• [Exercise directions]: The answer must give back every line of the data exactly, with no pictures.
Records for this exercise section start
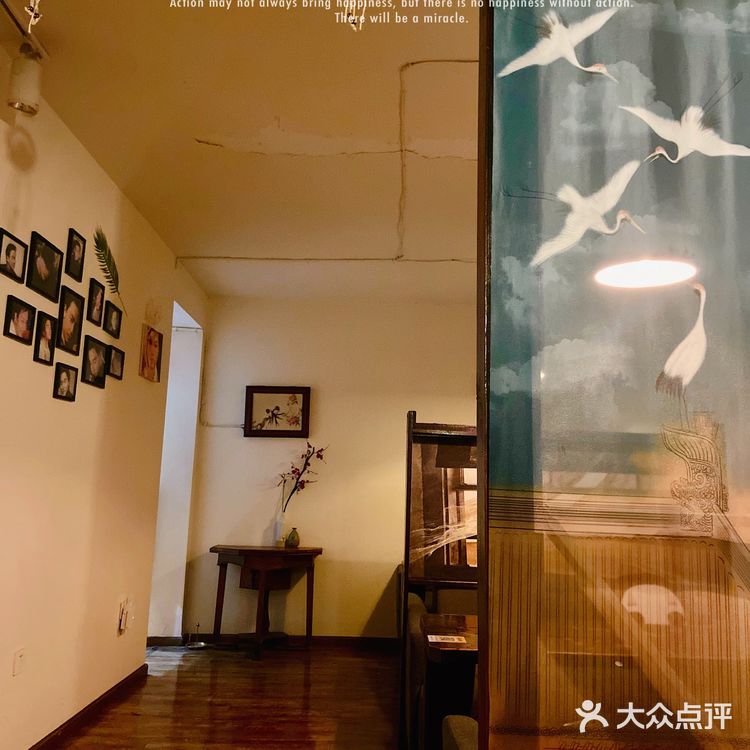 成都探店/一个和无脸男约会的地方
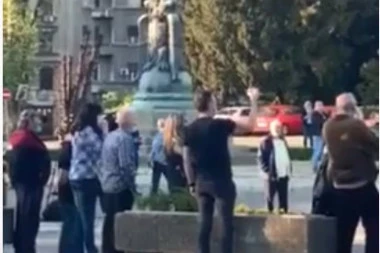 (VIDEO) "AU LOPOVI": Građani izneli jasan stav protiv okupljanja pristalica opozicije ispred Skupštine
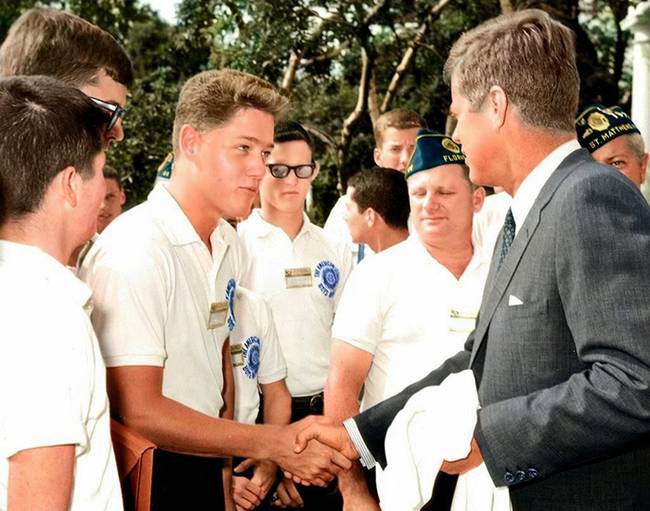 A fiatal Bill Clinton, amint kezet ráz az épp akkor hatalmon lévő John F. Kennedy-vel, 1963-ban.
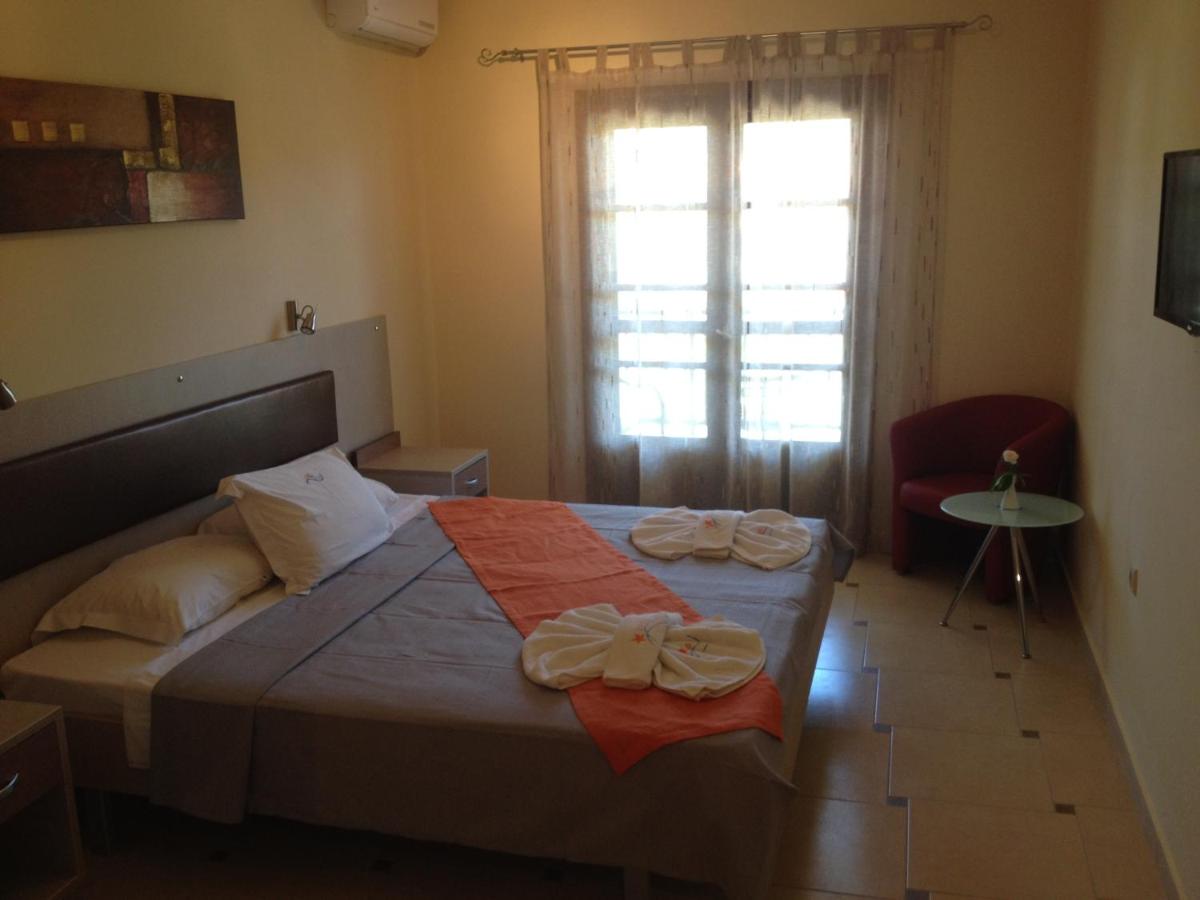 Twin Room with Sea View photo 1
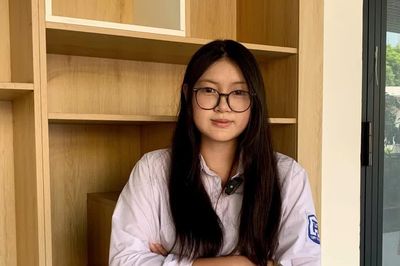 Vượt qua nỗi sợ thi cử, nữ sinh Hà Nội trở thành thủ khoa học sinh giỏi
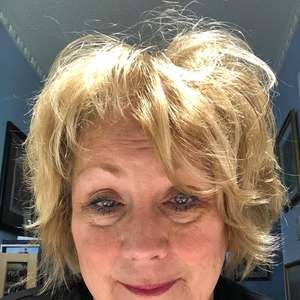 Meet your Posher, Cynthia
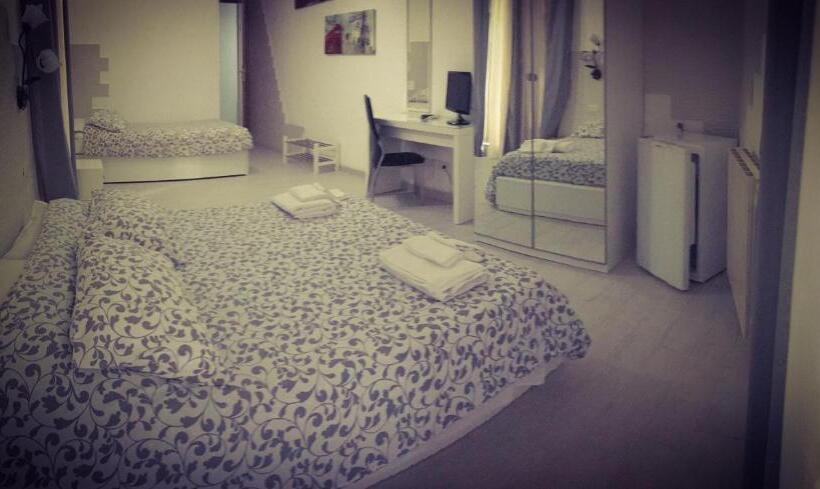 تختخواب و صبحانه Affittacamere La Giara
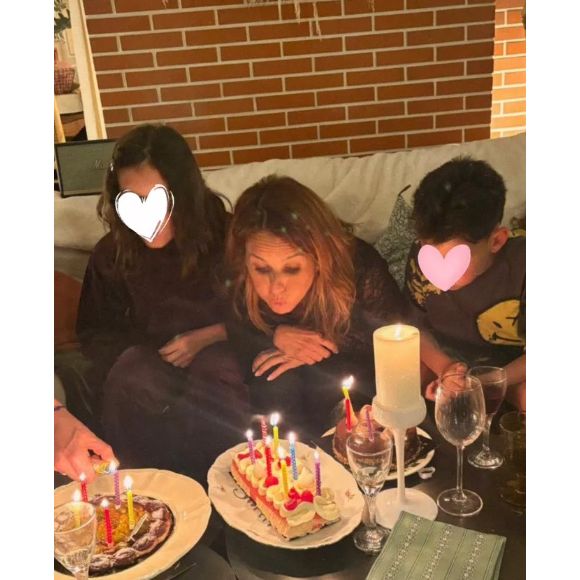 Le 20 mars 2026, l’animatrice de Ça commence aujourd’hui a partagé un tendre cliché sur ses réseaux sociaux. 

Compte Instragram de Faustine Bollart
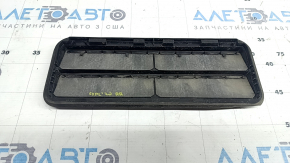 Right ventilation shield for Ford Explorer 20-25, crack in mount
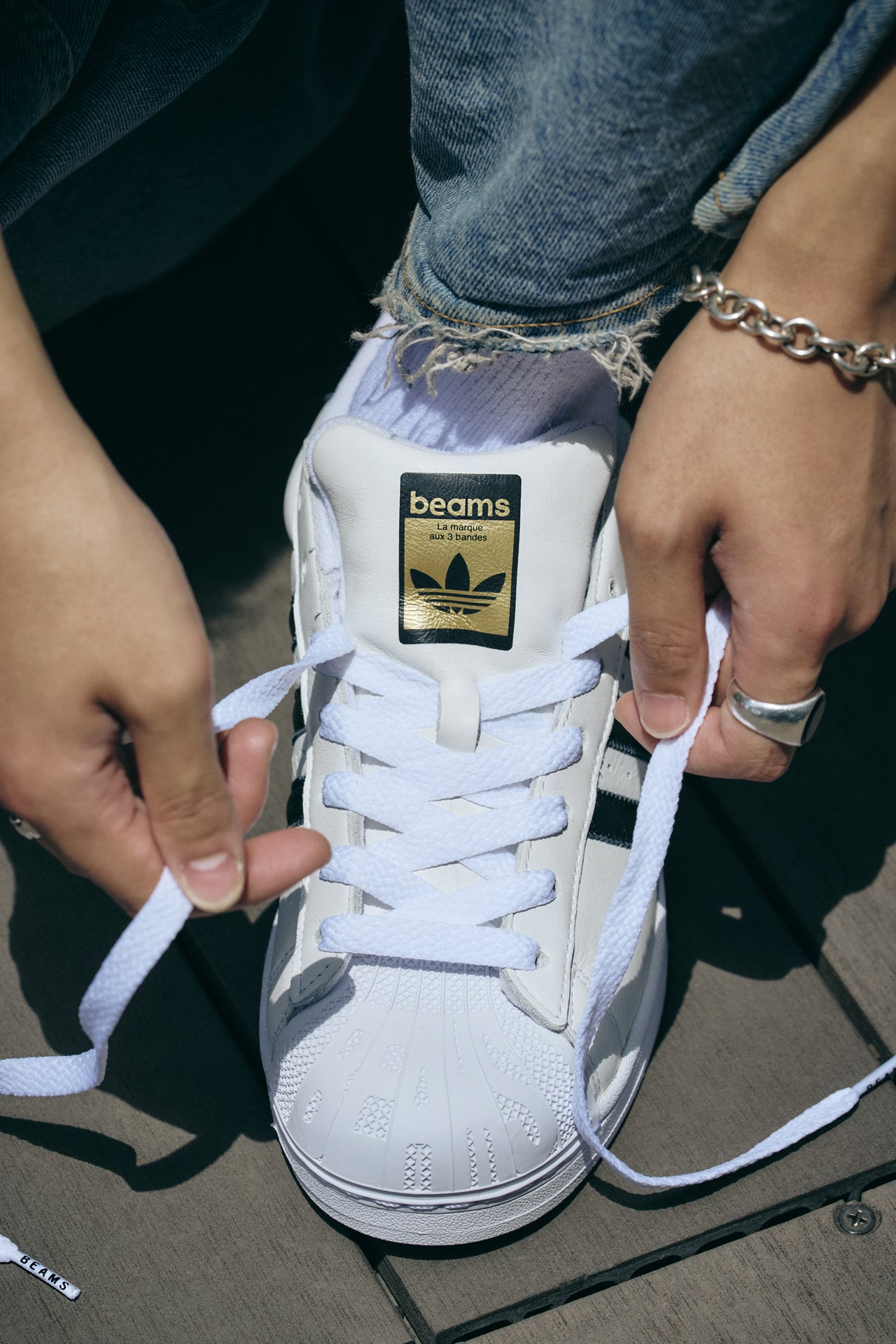 オシャレな人が買ってよかった〈adidas×BEAMS〉のコラボスニーカー　寄り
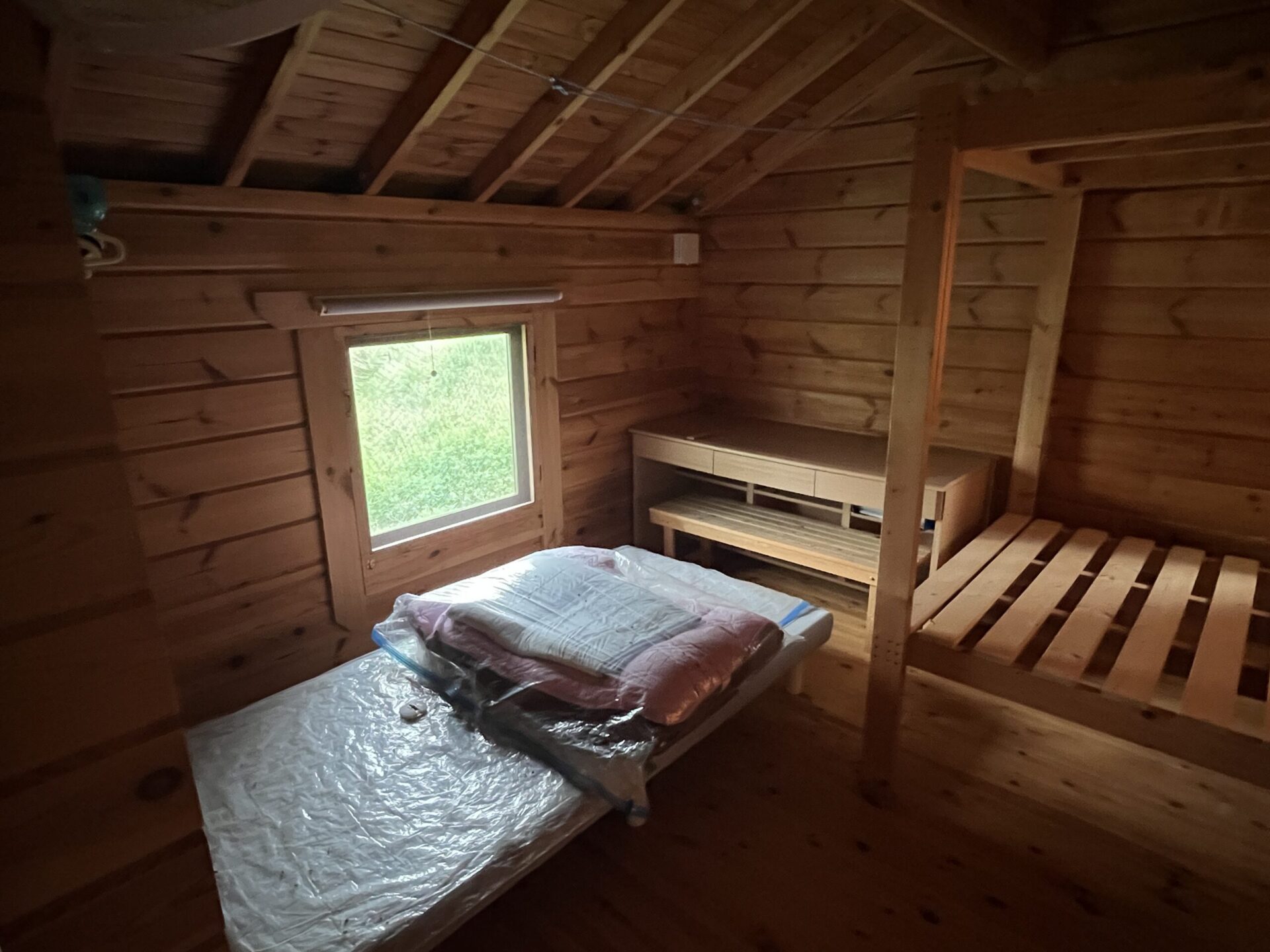 城辺長間 約1,000坪の土地と雄大な景色 木造 コテージ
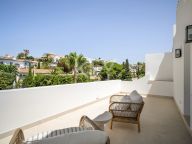 Таунхаус на продажу в La Quinta, Бенахавис
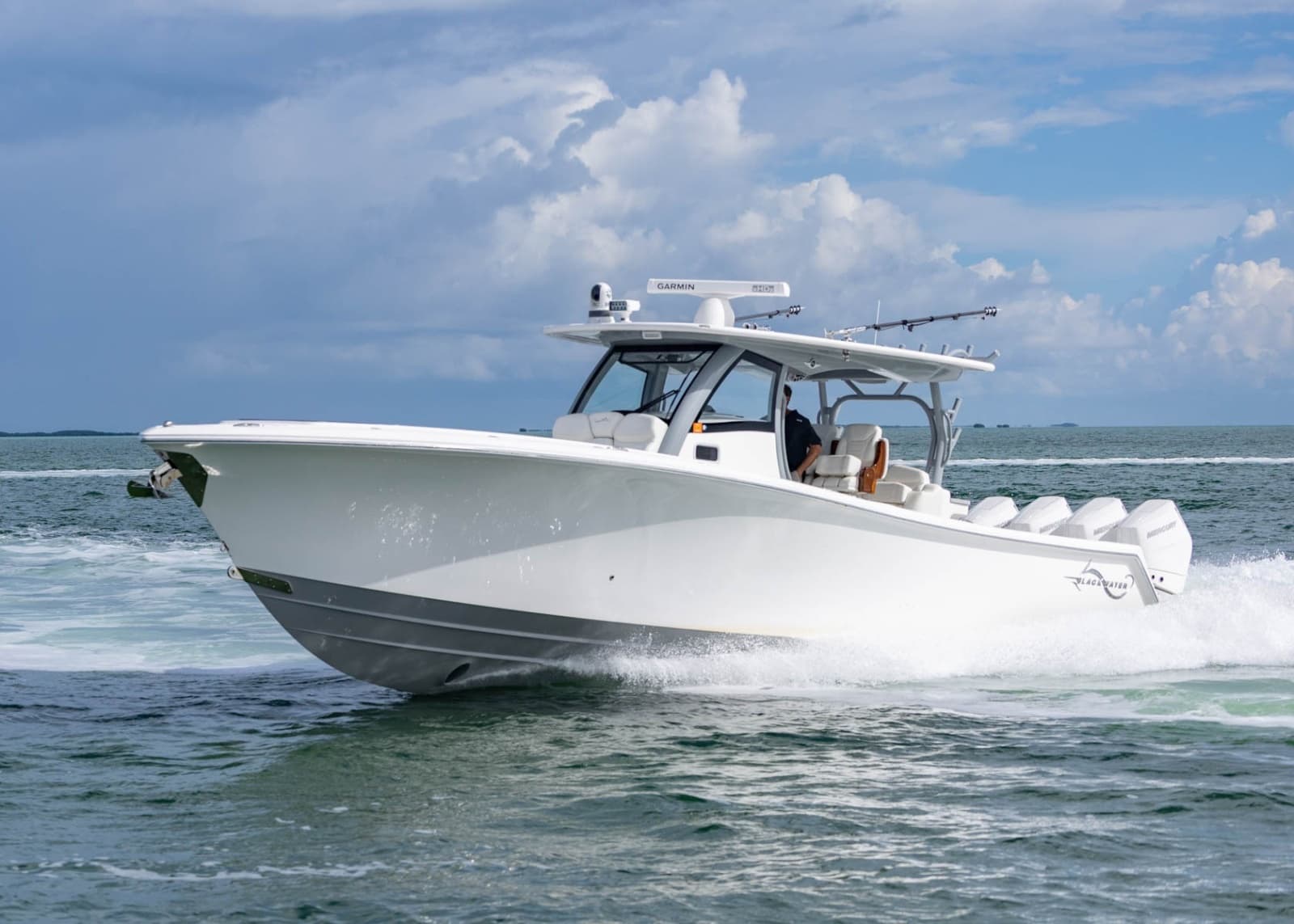2024 BlackWater 43 Sportfish - Photo 9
Records for this exercise section end
• [Answer area]:
 成都探店/一个和无脸男约会的地方
 (VIDEO) "AU LOPOVI": Građani izneli jasan stav protiv okupljanja pristalica opozicije ispred Skupštine
 A fiatal Bill Clinton, amint kezet ráz az épp akkor hatalmon lévő John F. Kennedy-vel, 1963-ban.
 Twin Room with Sea View photo 1
 Vượt qua nỗi sợ thi cử, nữ sinh Hà Nội trở thành thủ khoa học sinh giỏi
 Meet your Posher, Cynthia
 تختخواب و صبحانه Affittacamere La Giara
 Le 20 mars 2026, l’animatrice de Ça commence aujourd’hui a partagé un tendre cliché sur ses réseaux sociaux. 

Compte Instragram de Faustine Bollart
 Right ventilation shield for Ford Explorer 20-25, crack in mount
 オシャレな人が買ってよかった〈adidas×BEAMS〉のコラボスニーカー　寄り
 城辺長間 約1,000坪の土地と雄大な景色 木造 コテージ
 Таунхаус на продажу в La Quinta, Бенахавис
2024 BlackWater 43 Sportfish - Photo 9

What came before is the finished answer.